**Supplied records:**
= = = = =

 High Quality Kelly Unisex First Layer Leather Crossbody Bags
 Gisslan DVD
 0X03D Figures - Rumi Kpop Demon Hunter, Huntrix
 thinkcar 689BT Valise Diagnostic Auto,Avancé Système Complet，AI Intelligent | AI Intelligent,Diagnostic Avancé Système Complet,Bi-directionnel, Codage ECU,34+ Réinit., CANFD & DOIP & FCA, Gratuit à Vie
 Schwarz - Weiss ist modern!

= = = = =

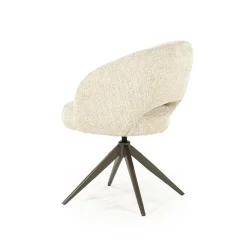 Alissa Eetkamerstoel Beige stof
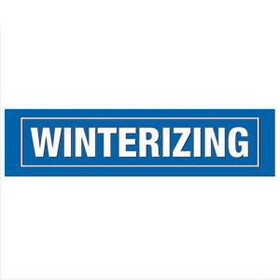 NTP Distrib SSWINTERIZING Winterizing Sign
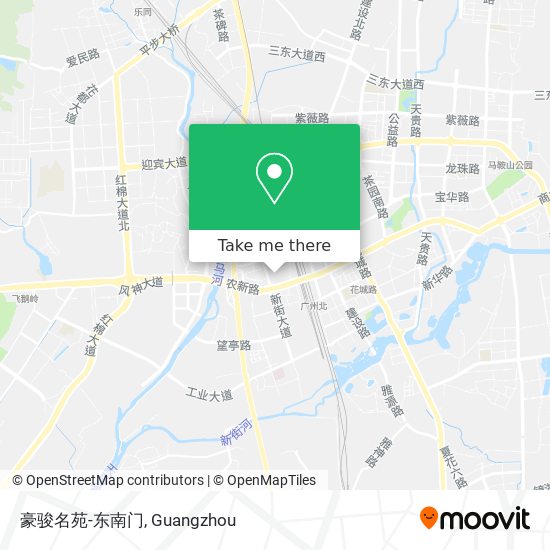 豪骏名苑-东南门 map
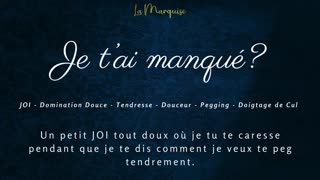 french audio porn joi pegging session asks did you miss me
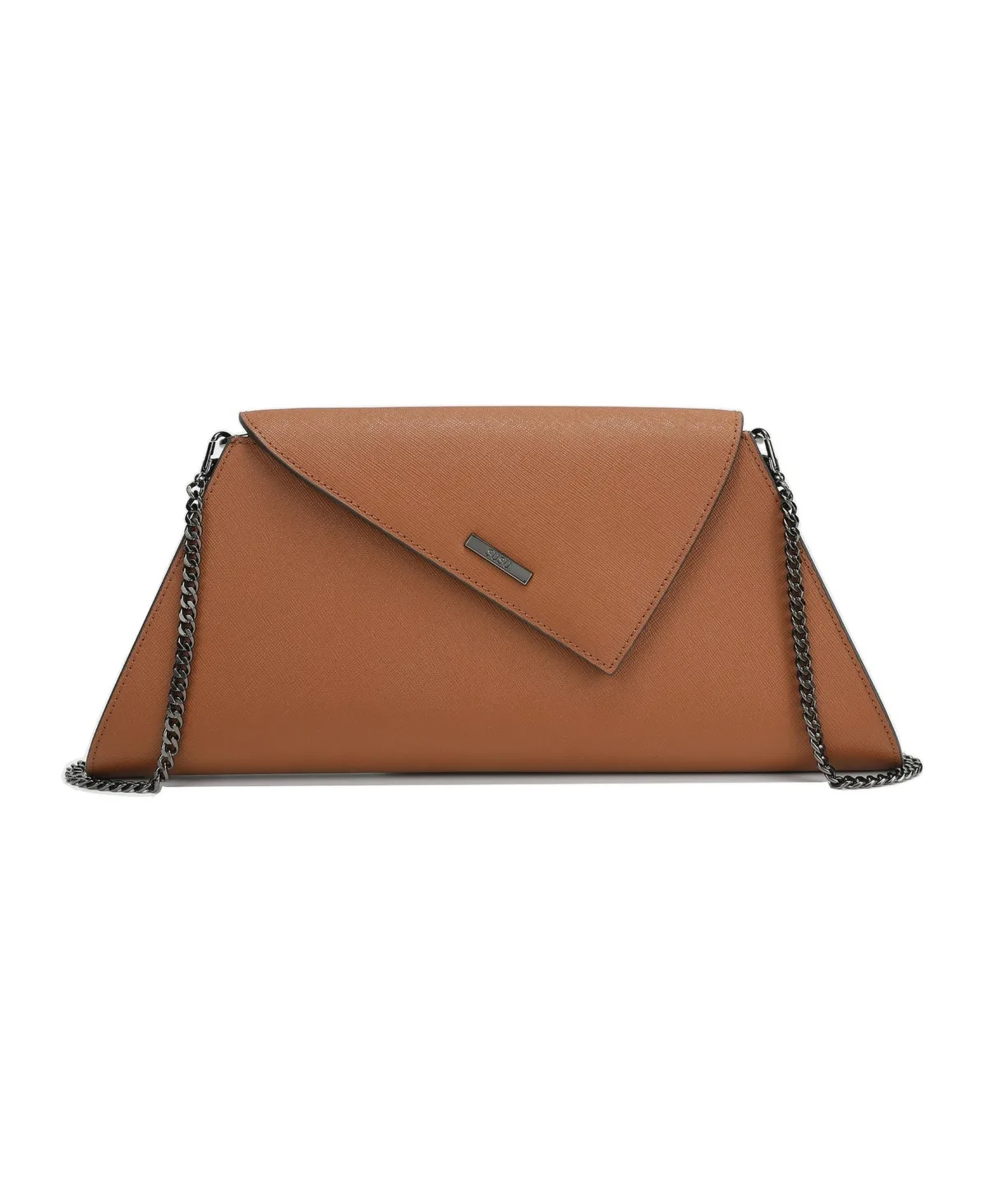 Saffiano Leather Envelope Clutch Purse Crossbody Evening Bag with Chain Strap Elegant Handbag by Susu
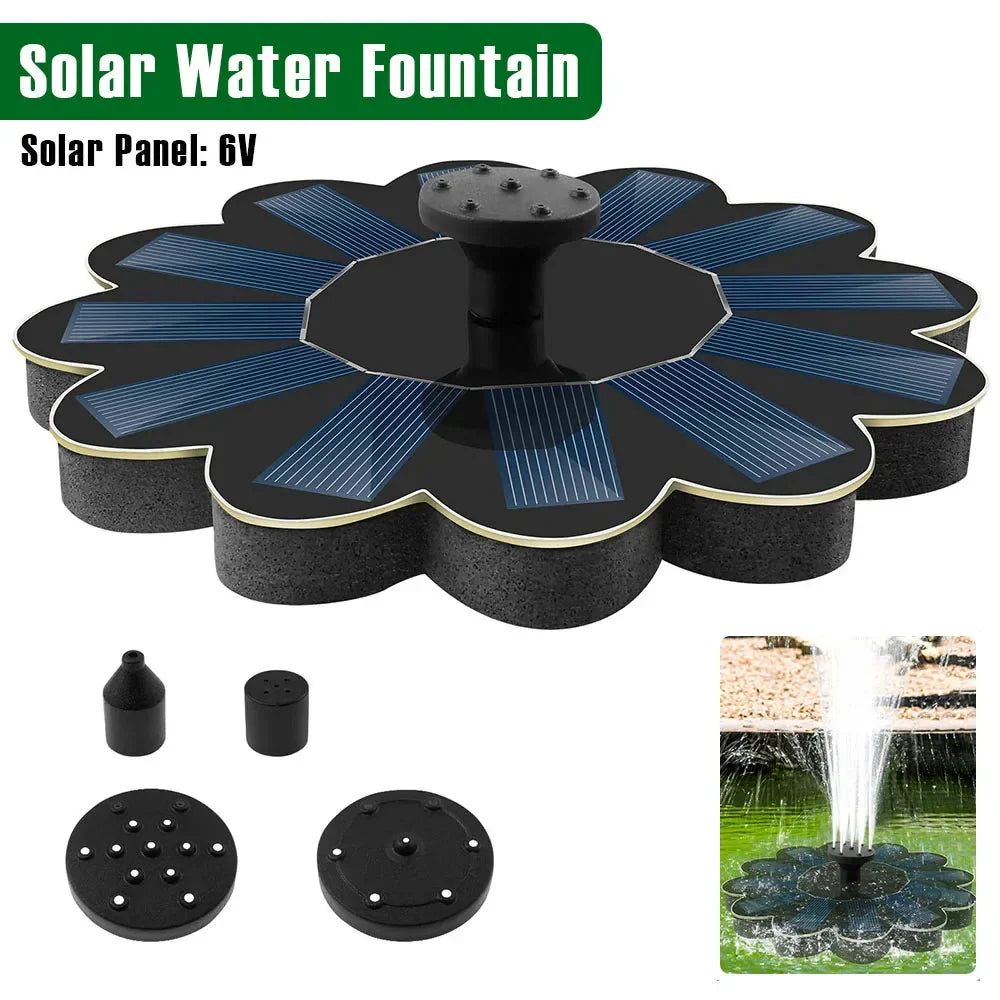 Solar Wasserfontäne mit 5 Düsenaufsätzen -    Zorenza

= = = = =

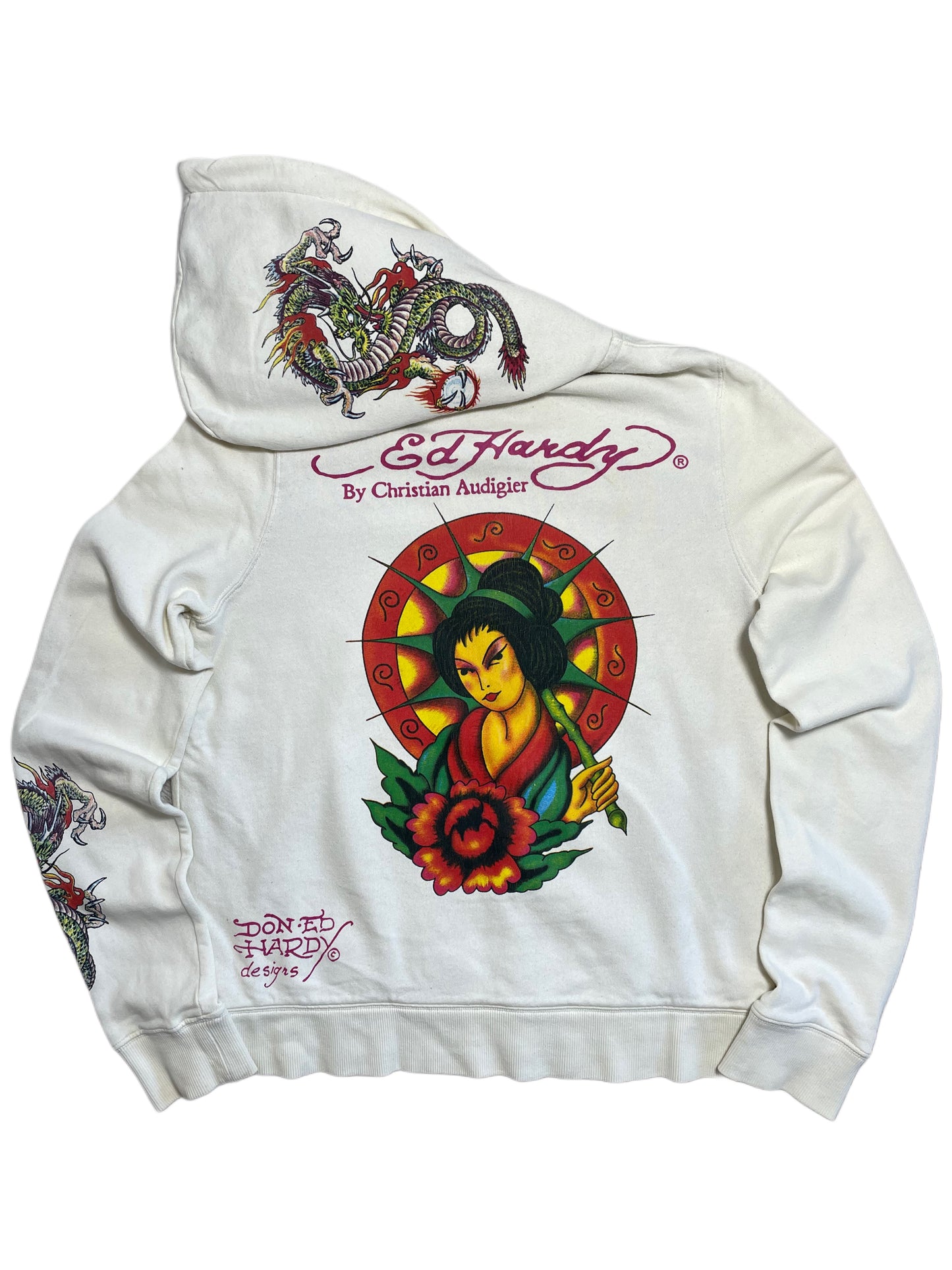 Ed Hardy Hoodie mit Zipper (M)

= = = = =

**Work instructions:**
In the listing above, find the line with "Gisslan DVD" and the line with "Schwarz - Weiss ist modern!"; set down exactly those two lines and every line between them, nothing more.

**Output for this exercise:**
 Gisslan DVD
 0X03D Figures - Rumi Kpop Demon Hunter, Huntrix
 thinkcar 689BT Valise Diagnostic Auto,Avancé Système Complet，AI Intelligent | AI Intelligent,Diagnostic Avancé Système Complet,Bi-directionnel, Codage ECU,34+ Réinit., CANFD & DOIP & FCA, Gratuit à Vie
 Schwarz - Weiss ist modern!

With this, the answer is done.